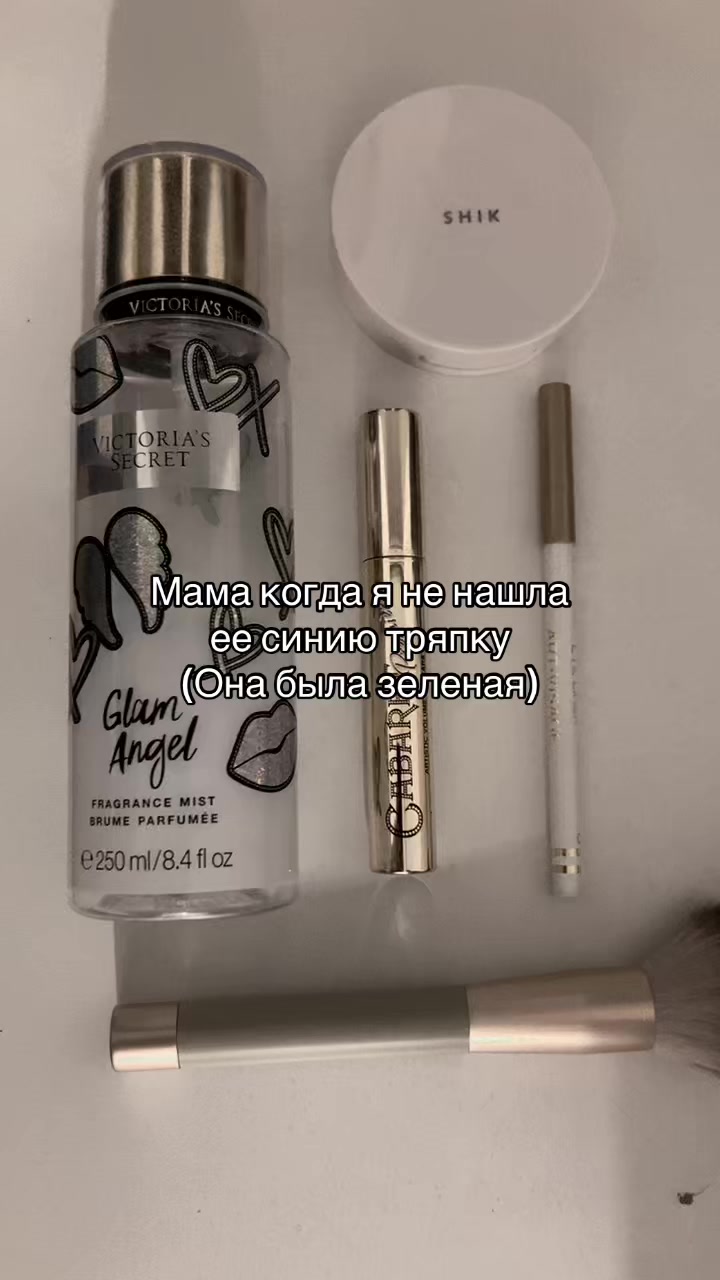 @Ироид-все о бьюти🪽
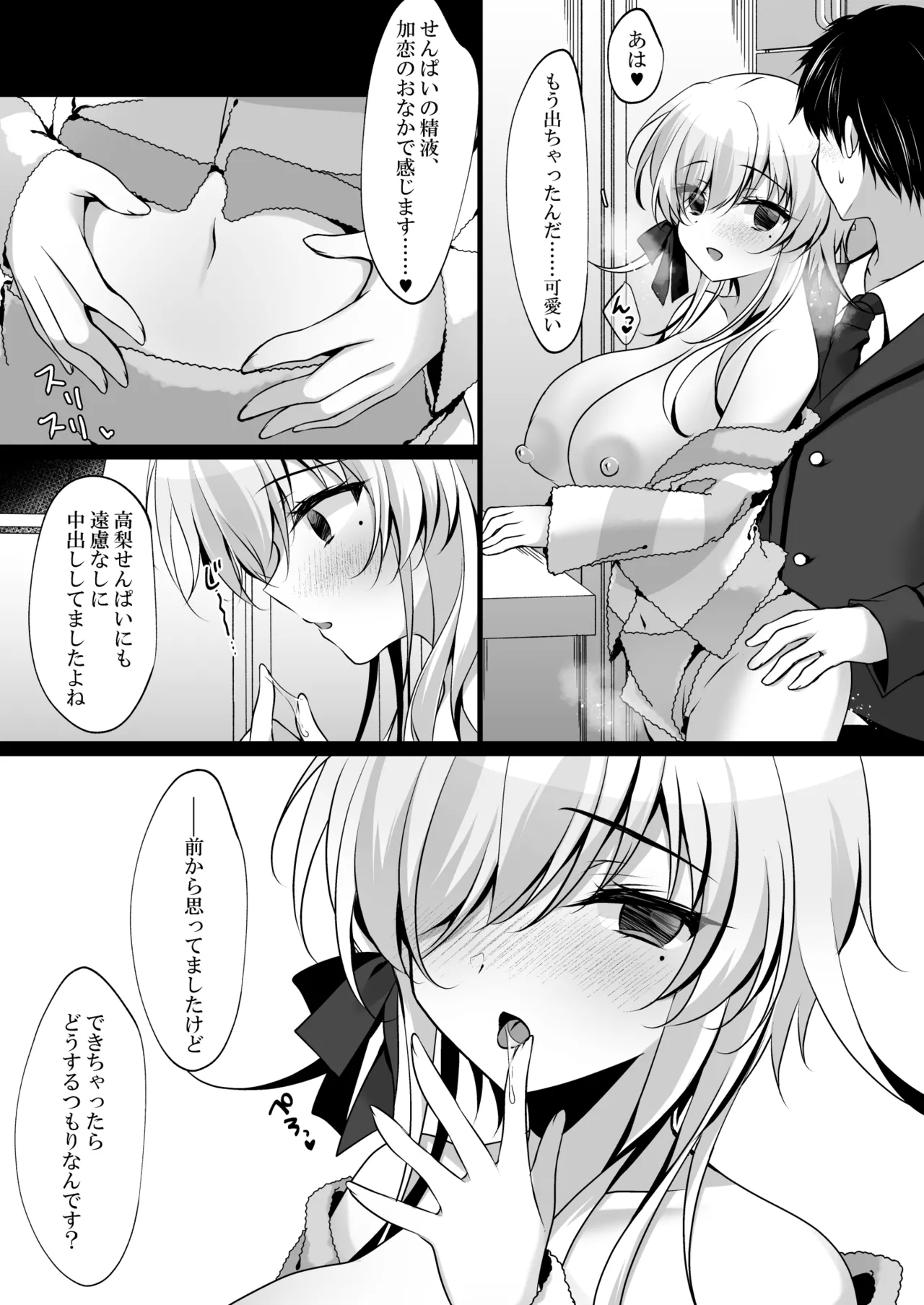 Saimin Kanojo Hashimoto Karen 3 - Page 14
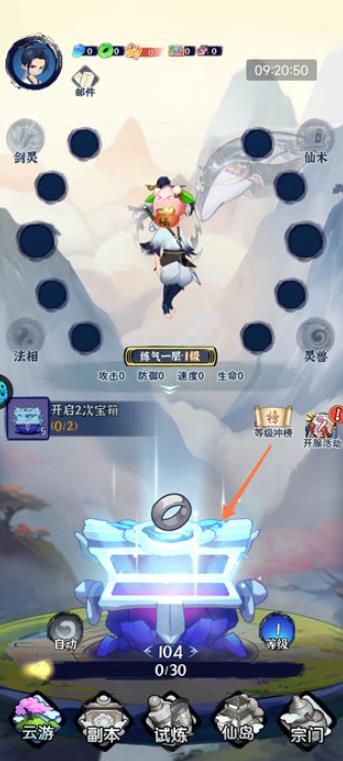 梦幻修仙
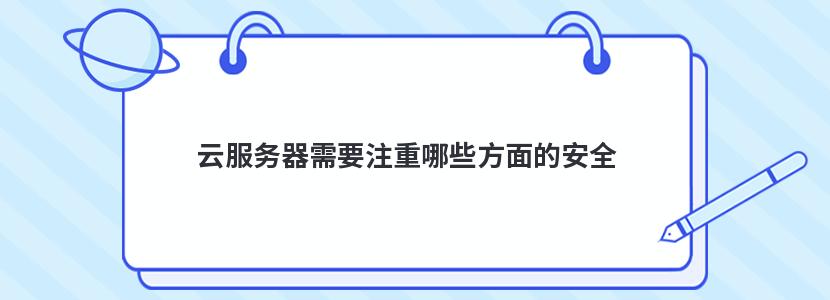 云服务器需要注重哪些方面的安全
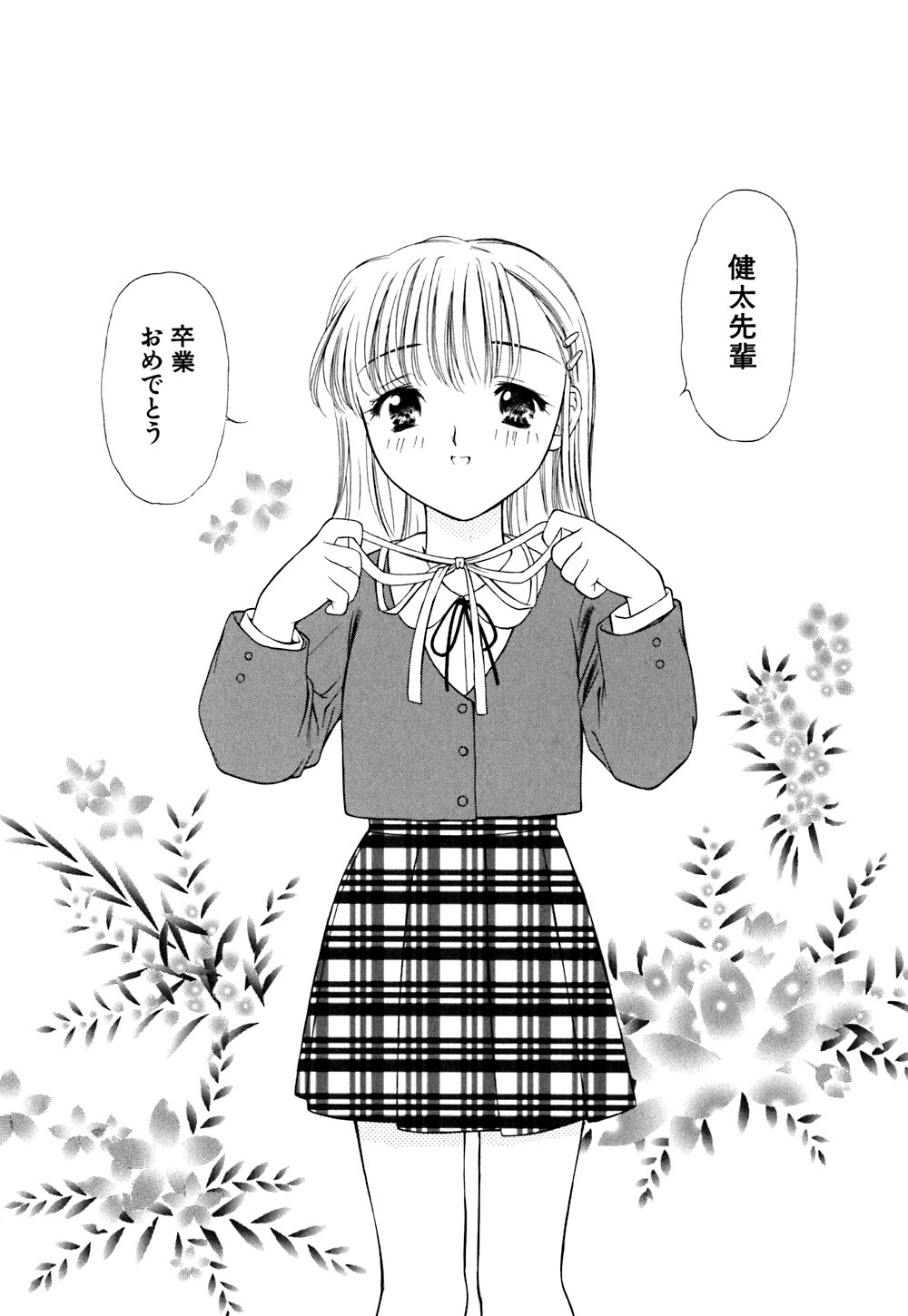 [あかまる純也] キューティーPIE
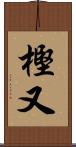 樫又 Scroll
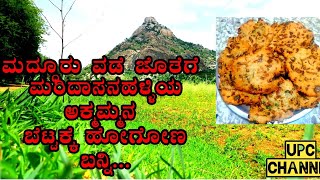 Maddur vade recipe in Kannada  Maridasanahalli akkamma devi hill [upl. by Angie]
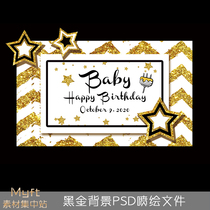 Black gold childrens birthday decoration background wall ps material banquet stage background kt board psd design material template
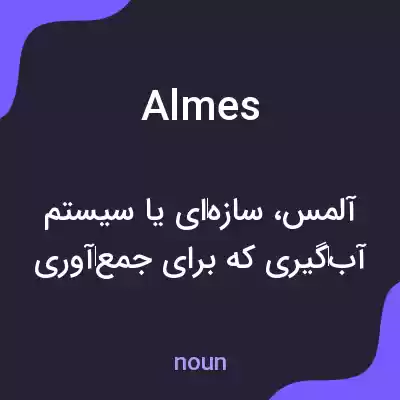 معنی almes به فارسی معنی almes به فارسی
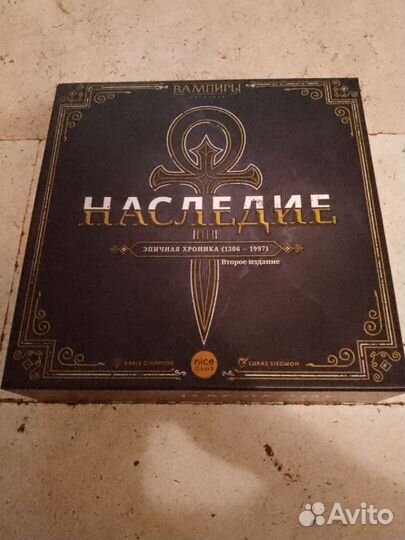 Вампиры Маскарад Наследие ролевая игра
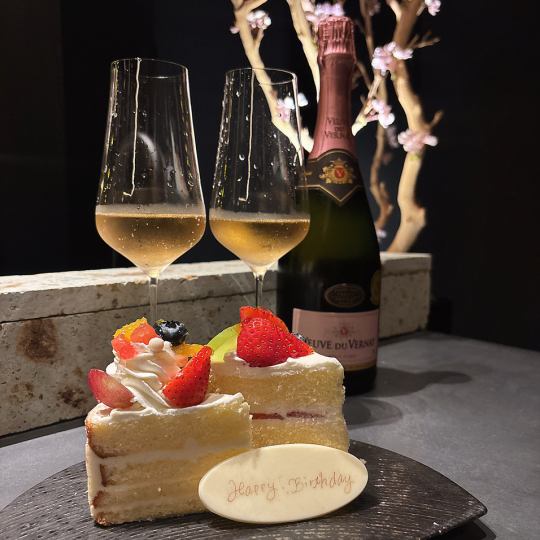 ≪55アニバーサリーコース≫ 全7品 デザートプレート＋乾杯ドリンク付き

━━━━━━━━━━━━━━━━━━━━

→ DESCRIPTION OF THE TASK: Nothing except the lines from the one containing "[あかまる純也] キューティーPIE" through the one containing "معنی almes به فارسی معنی almes به فارسی" should appear in the answer, exactly as above and without pictures.

→ WRITTEN ANSWER:
 [あかまる純也] キューティーPIE
 樫又 Scroll
 Maddur vade recipe in Kannada  Maridasanahalli akkamma devi hill [upl. by Angie]
 Black gold childrens birthday decoration background wall ps material banquet stage background kt board psd design material template
 معنی almes به فارسی معنی almes به فارسی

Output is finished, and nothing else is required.